Regia di Ryûsuke Hamaguchi vedi scheda film
Conoscere l'opera dello scrittore russo Anton Pavlovic Chekov aiuterebbe ad apprezzare "Drive my car" del giapponese Hamaguchi Ryusuke che, presentato in concorso nell'insolita edizione estiva del Festival di Cannes, ha intascato il premio per la miglior sceneggiatura. E, in effetti, al netto dei giudizi sulla qualità del film, sempre difficili da considerare come assoluti, il premio sembra meritato perché l'opera del regista giapponese si avvale di un soggetto intrigante e originale in grado di fondere la letteratura con il cinema. Tratto dal libro "Uomini senza donne" dello scrittore nipponico Murakami Haruki, del quale adatta uno dei sette racconti, "Drive my car" racconta di Kafuku Yusuke, attore e regista che, a discapito della sua origine, è uno dei maggiori esperti dell'opera del drammaturgo russo. La sua preparazione e la sua fama è tale che viene invitato a presiedere una giuria nella gelida Vladivostok dove si celebra la figura dello scrittore tramite un concorso teatrale. Sposato alla bella Oto, che produce serie di basso spessore per la televisione giapponese, scopre di esser stato rimpiazzato da un giovane attore televisivo.
Organizzato come un'opera teatrale "Drive my car" è diviso in due atti separati dal sipario aperto e chiuso su Vladivostok che mette fine alla prima parte dell'esistenza del maestro Kafuku per dar vita ad una seconda ancora tutta da scrivere in cui l'elemento comune rimane Chekov. Ritroviamo, infatti, il protagonista a distanza di due anni alle prese con la trasposizione teatrale di "Zio Vanja", nella città di Hiroshima ove si impegna a dirigere non volendo più recitare la parte del vecchio protagonista. Lì incontra, nuovamente, il giovane amante della consorte, al quale affida la parte di Vanja.
Per volontà della direzione del Festival Yusuke viene scarrozzato da una giovane autista, la taciturna Misaki. La comune diffidenza respinge ed unisce gli ospiti della Saab rossa mentre percorre ogni giorno la strada che unisce l'isola rifugio di Yusuke e la fondazione dove si sta preparando lo spettacolo. Attraverso un ponte che unisce non solo lembi di terra separati dal mare ma le stesse persone che ne condividono l'abitacolo, la vecchia auto svedese unisce i protagonisti del viaggio diventando essa stessa teatro. Tra le sue sfavillanti lamiere rosse
i passeggeri riportano in luce dolori, rimorsi e comuni insicurezze. E qui entra in gioco il dramma di Chekov che il Bignami della letteratura, corso in mio aiuto, classifica come l'impietoso ritratto di una vita di rimpianti e miserie. Di decisioni sbagliate e rimpianti ne hanno da vendere sia Yusuke, che si tormenta per la fine della propria storia d'amore, sia Misaki che si colpevolizza, eccessivamente, per la sventura che ha colpito la propria famiglia.

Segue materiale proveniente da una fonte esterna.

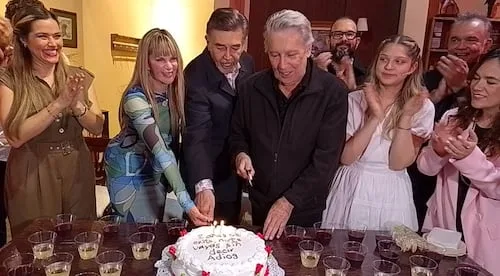 Juan Ferrara sigue sembrando éxitos; celebró dos años de que "No te vayas sin decir adiós" se mantenga en cartelera
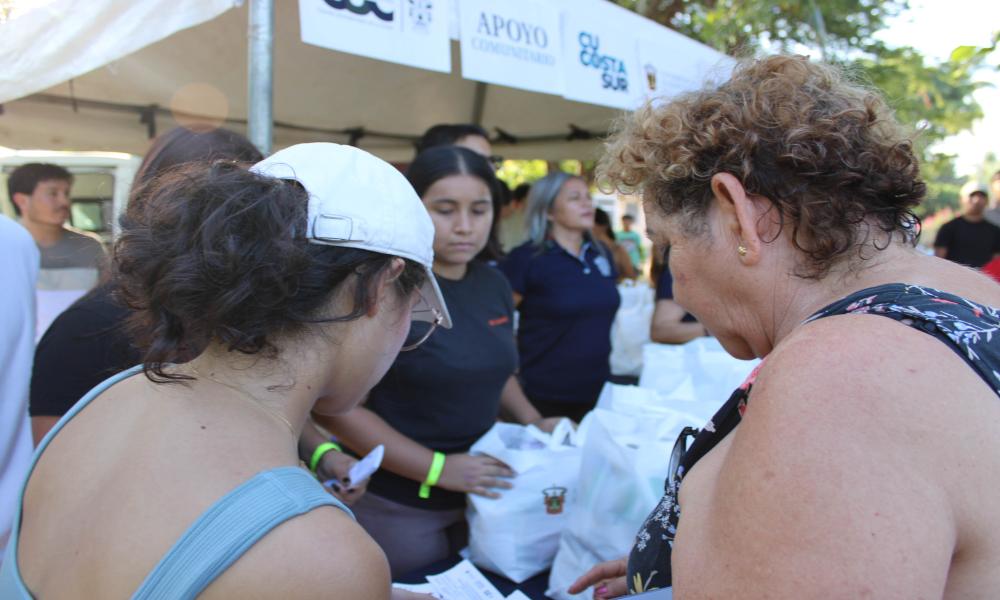 Comunidad universitaria del CUCosta y del CUSur se une en apoyo a familias afectadas por las inundaciones en Villas de Ixtapa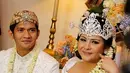 Sekedar informasi, Audy dan Iko menikah pada 25 Juni 2012 lalu. Pernikahan digelar secara sederhana dengan menggunakan adat Sunda tanpa pesta resepsi. [Instagram/audyitem]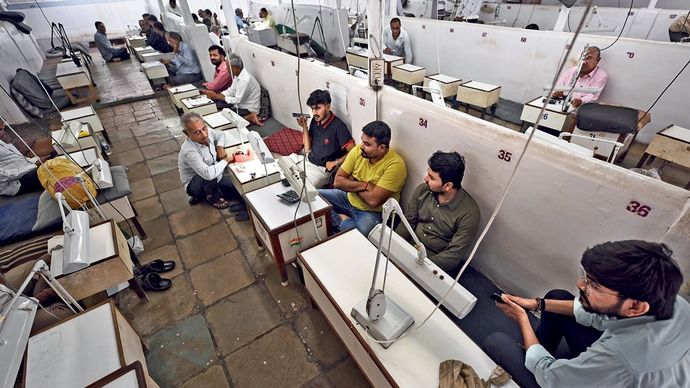 सूरत के महिधारपुरा में खाली बैठे हीरा कारोबारी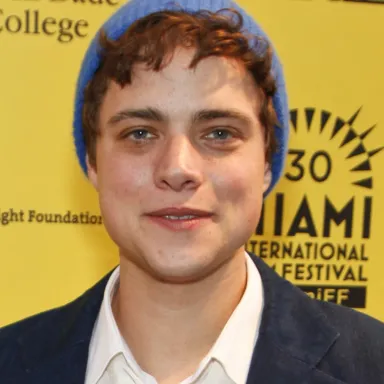 Foto de perfil de Douglas Smith (actor)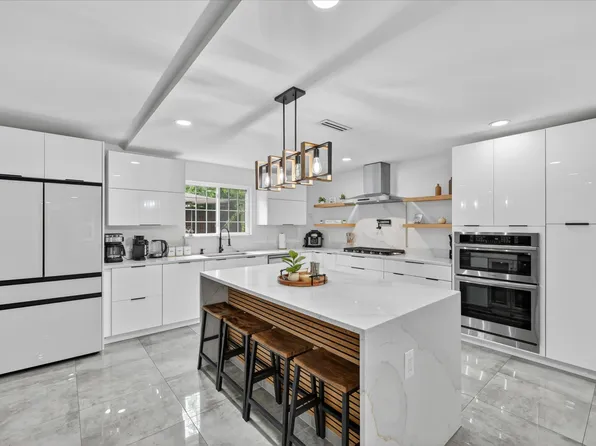 5912 Harvest Hill Rd, Dallas, TX 75230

Il film gioca con il teatro che supera i confini del palcoscenico sia metaforicamente sia fisicamente, promuovendo i protagonisti del film ad interpreti del proprio dramma, mentre gli spazi più inusuali (dall'auto al giardino dove recitano Sonja ed Elena) si costituiscono ribalta della vita reale. Non manca di sedurre la formula artistica di Kafuku che somma versi in cinese, koreano, tagalog alla gestualità corporea travalicando il senso della parola e producendo fasci di emozioni che si irradiano per scuotere gli animi più diversi per cultura e provenienza, compreso quello del protagonista che si riscopre nuovamente attore per curare se stesso.
Per gli studiosi di Chekov, i lettori di Murakami e gli estimatori di Hamaguchi "Drive my car" è un film da non perdere assolutamente. Per tutti gli altri è facile prevedere un minor entusiasmo. In un film volutamente arido nella rappresentazione dei sentimenti, dove il sesso è coinvolgente solo se abbinato alla favella e il distacco interpersonale è una prassi culturale, la tenera parentesi sulle macerie innevate della dimora di Misaki lascia perplessi per l'impudica messa in scena dei sentimenti. Alcune digressioni sono superflue: la parentesi sulla malattia di Yusuke come la sequenza che esplica la fine del giovane rivale in amore. Lo scambio di opinioni su Oto, tra il regista ed il giovane interprete di Vanja è esasperante quanto la lunghezza del viaggio in automobile. Le tre ore di "Drive My Car" basterebbero alla nuova e non più tormentata Misaki per spostarsi da Roma a Firenze con la "sua nuova" Saab ma volendo citare i versi di una canzone: "l'ultima ora sembrava un treno... Catania - Trieste"*.